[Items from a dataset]
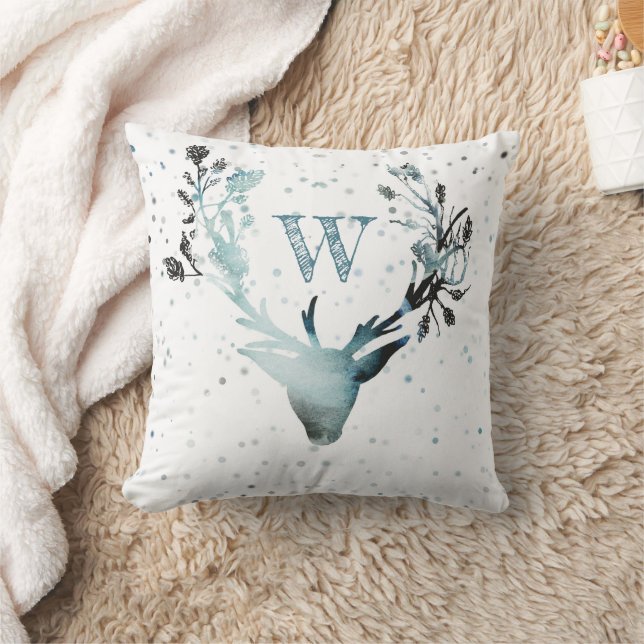 Winter Deer head Silver Blue Monogram Christmas Throw Pillow (Blanket)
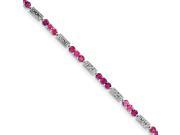 Sterling Silver Rhodium Plated Pink Tourmaline Diamond Bracelet Color H I Clarity SI2 I1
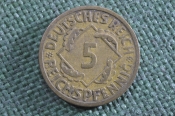Монета 5 рейхспфеннигов пфеннигов 1924 года. Веймарская Республика. Веймар. Германия. Монета 5 рейхспфеннигов пфеннигов 1924 года. Веймарская Республика. Веймар. Германия.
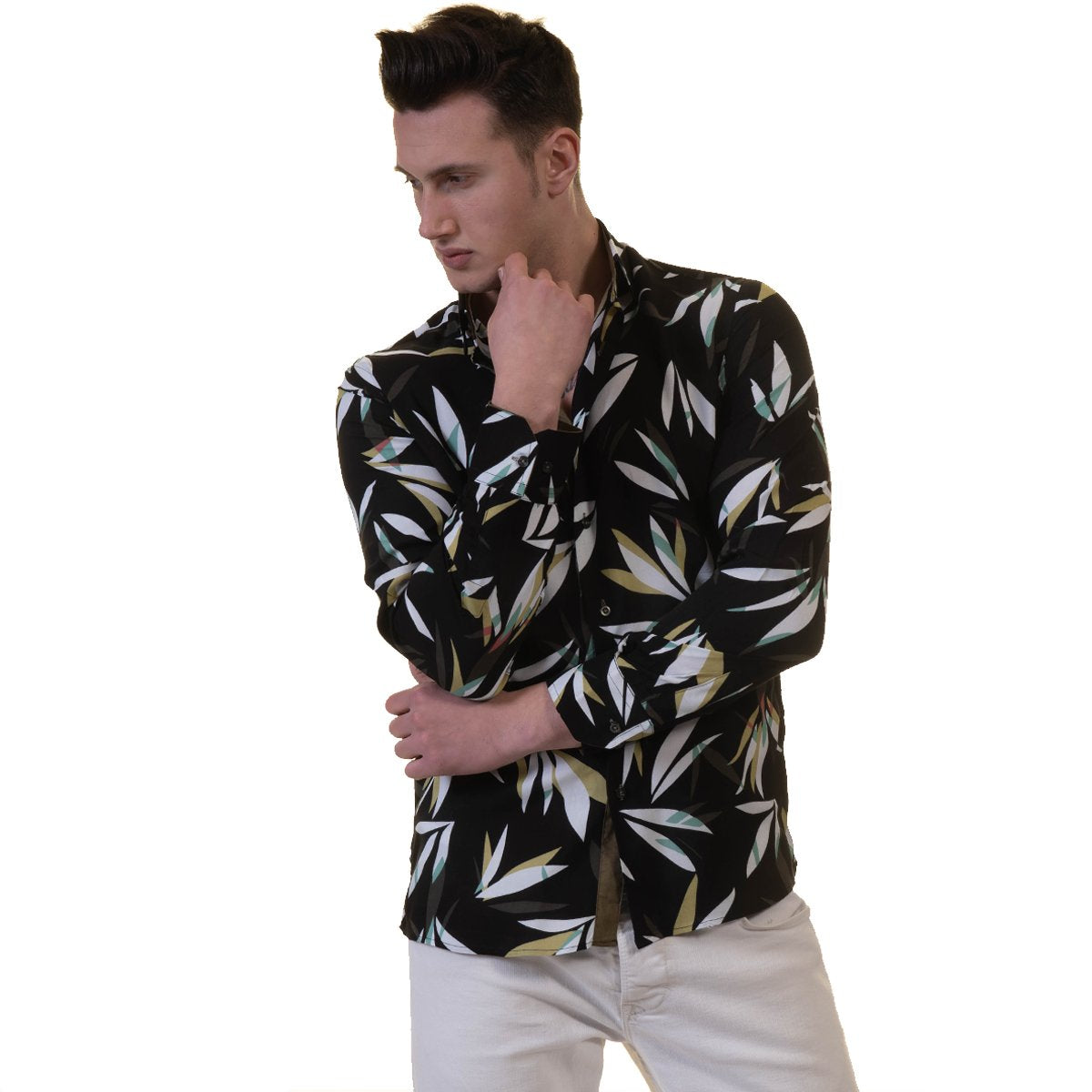 Black Floral Mens Slim Fit Designer Dress Shirt - tailored Cotton - Horizon Bliss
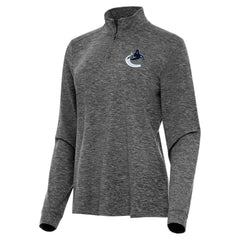 Vancouver Canucks Antigua Women's Mentor Quarter-Zip Mock Long Sleeve Top Heather Black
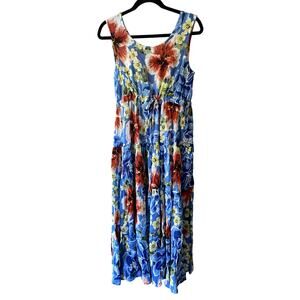 Vintage Floral Cotton Blue Maxi Dress Large Island Girl Flowy Sheer Tiered Femme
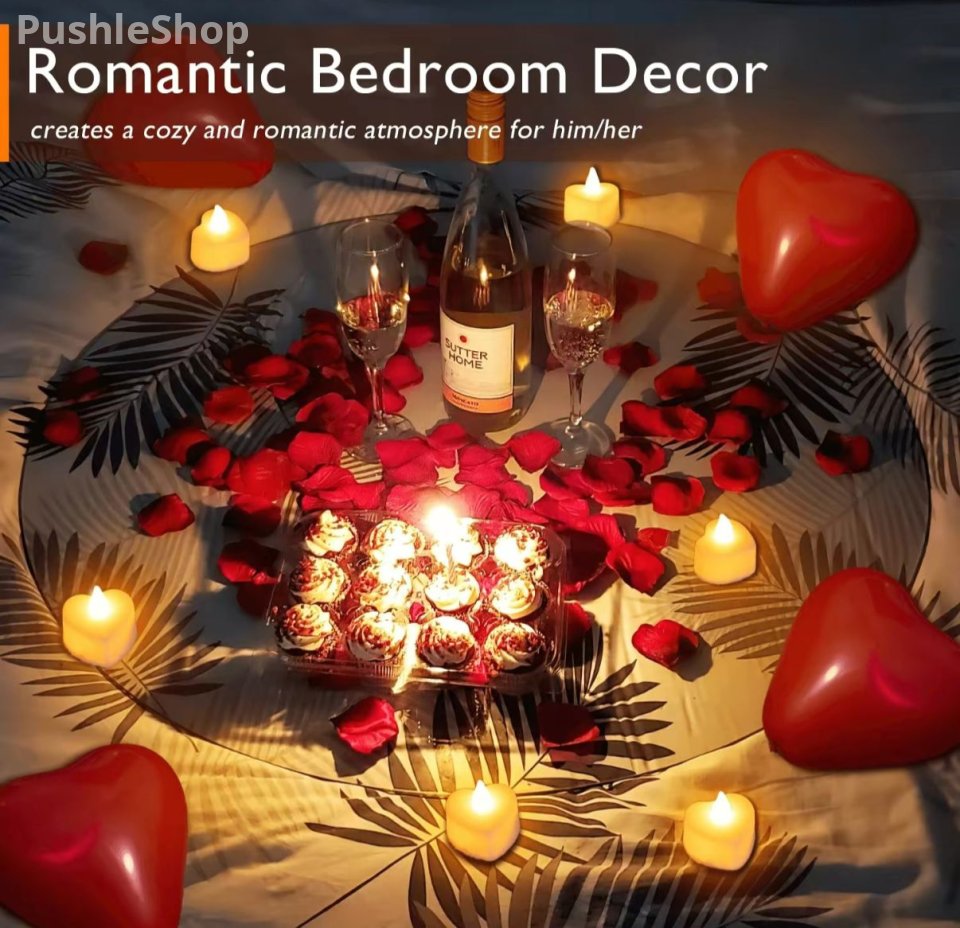 Romantic Night For Her Set, 1000Pcs Artificial Rose Petals | 30Pcs Burgundy Heart Balloon | 24Pcs Battery Candles, Heart Tea Lights Candles for Romantic Night, Valentine, Wedding, Anniversary Table Decorations halloween decor Bathroom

[Prompt]:
Your reply should consist of the data, transcribed exactly, and should hold no pictures.

[Answer to this exercise]:
 Winter Deer head Silver Blue Monogram Christmas Throw Pillow (Blanket)
 Sterling Silver Rhodium Plated Pink Tourmaline Diamond Bracelet Color H I Clarity SI2 I1
Монета 5 рейхспфеннигов пфеннигов 1924 года. Веймарская Республика. Веймар. Германия. Монета 5 рейхспфеннигов пфеннигов 1924 года. Веймарская Республика. Веймар. Германия.
 Black Floral Mens Slim Fit Designer Dress Shirt - tailored Cotton - Horizon Bliss
 Vancouver Canucks Antigua Women's Mentor Quarter-Zip Mock Long Sleeve Top Heather Black
 Vintage Floral Cotton Blue Maxi Dress Large Island Girl Flowy Sheer Tiered Femme
 Romantic Night For Her Set, 1000Pcs Artificial Rose Petals | 30Pcs Burgundy Heart Balloon | 24Pcs Battery Candles, Heart Tea Lights Candles for Romantic Night, Valentine, Wedding, Anniversary Table Decorations halloween decor Bathroom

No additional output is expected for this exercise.